- **How to complete this task**
Start at the line with "Photo - 3525 W Fullerton Ave Unit 2" in the records below, stop at the line with "wilkinsonhoops's tweet photo.", and return every line in that span exactly, the two end lines included.

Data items
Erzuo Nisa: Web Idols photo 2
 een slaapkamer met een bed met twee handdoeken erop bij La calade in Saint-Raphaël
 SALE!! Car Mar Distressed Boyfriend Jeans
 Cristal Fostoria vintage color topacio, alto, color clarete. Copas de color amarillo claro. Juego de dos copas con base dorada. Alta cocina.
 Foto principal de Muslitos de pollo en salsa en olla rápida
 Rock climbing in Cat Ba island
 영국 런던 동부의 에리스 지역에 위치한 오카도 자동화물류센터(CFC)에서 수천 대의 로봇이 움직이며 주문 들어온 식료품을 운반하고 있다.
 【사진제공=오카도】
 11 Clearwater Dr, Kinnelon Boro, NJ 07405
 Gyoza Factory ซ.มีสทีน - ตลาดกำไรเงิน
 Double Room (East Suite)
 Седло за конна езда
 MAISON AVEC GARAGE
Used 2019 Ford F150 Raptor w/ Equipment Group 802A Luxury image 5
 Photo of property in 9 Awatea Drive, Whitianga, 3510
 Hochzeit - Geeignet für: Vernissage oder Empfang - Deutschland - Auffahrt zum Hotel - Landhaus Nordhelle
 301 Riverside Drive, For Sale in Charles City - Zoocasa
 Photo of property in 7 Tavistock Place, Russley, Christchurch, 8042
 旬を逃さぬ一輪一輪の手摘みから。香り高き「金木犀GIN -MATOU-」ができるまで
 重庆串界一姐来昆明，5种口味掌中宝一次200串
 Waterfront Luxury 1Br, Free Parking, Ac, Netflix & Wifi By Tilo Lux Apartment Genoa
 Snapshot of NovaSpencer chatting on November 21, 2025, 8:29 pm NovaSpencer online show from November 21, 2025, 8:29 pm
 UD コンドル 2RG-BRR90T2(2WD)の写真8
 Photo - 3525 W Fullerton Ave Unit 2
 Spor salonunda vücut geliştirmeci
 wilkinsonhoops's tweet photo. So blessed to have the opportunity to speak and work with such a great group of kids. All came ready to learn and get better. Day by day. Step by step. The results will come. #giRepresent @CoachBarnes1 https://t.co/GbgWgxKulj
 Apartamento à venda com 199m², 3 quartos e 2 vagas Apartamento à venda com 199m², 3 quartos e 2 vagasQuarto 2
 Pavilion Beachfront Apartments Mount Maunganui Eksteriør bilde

- **Task output**
 Photo - 3525 W Fullerton Ave Unit 2
 Spor salonunda vücut geliştirmeci
 wilkinsonhoops's tweet photo. So blessed to have the opportunity to speak and work with such a great group of kids. All came ready to learn and get better. Day by day. Step by step. The results will come. #giRepresent @CoachBarnes1 https://t.co/GbgWgxKulj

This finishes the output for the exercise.